• [Source data]:
--------------------------------------------------

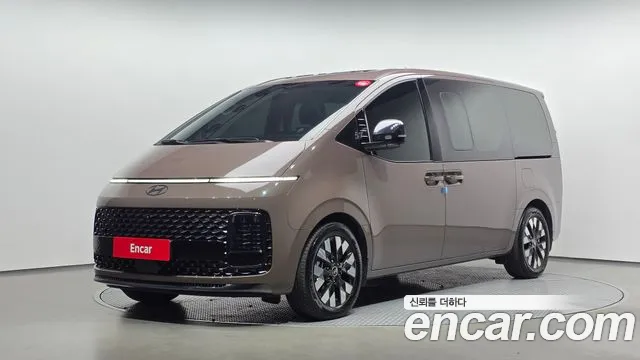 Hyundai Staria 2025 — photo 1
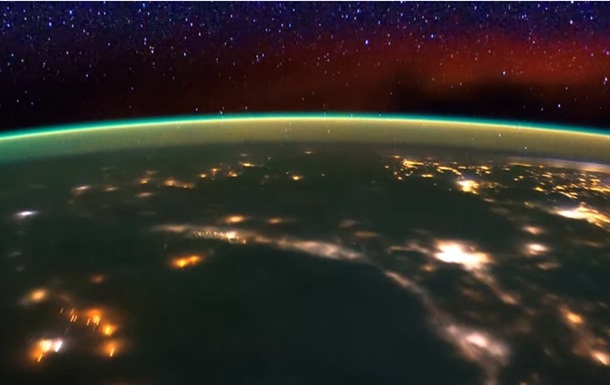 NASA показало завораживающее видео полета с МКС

--------------------------------------------------

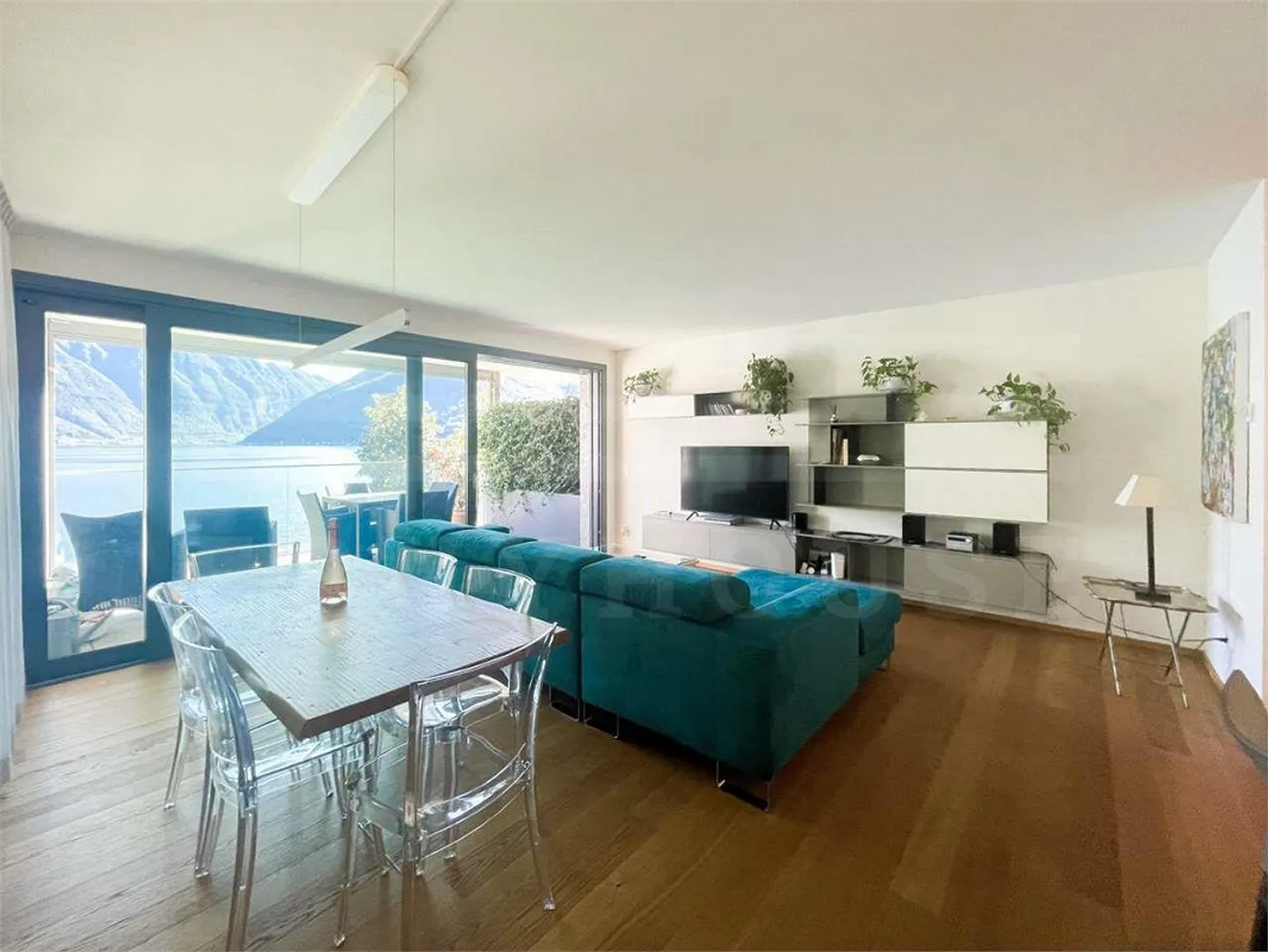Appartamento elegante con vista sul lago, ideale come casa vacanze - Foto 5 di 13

--------------------------------------------------

Return exactly the lines of the material above, starting at the line containing "Hyundai Staria 2025 — photo 1" and finishing at the line containing "NASA показало завораживающее", without any pictures.

• [Result for this task]:
 Hyundai Staria 2025 — photo 1
 NASA показало завораживающее видео полета с МКС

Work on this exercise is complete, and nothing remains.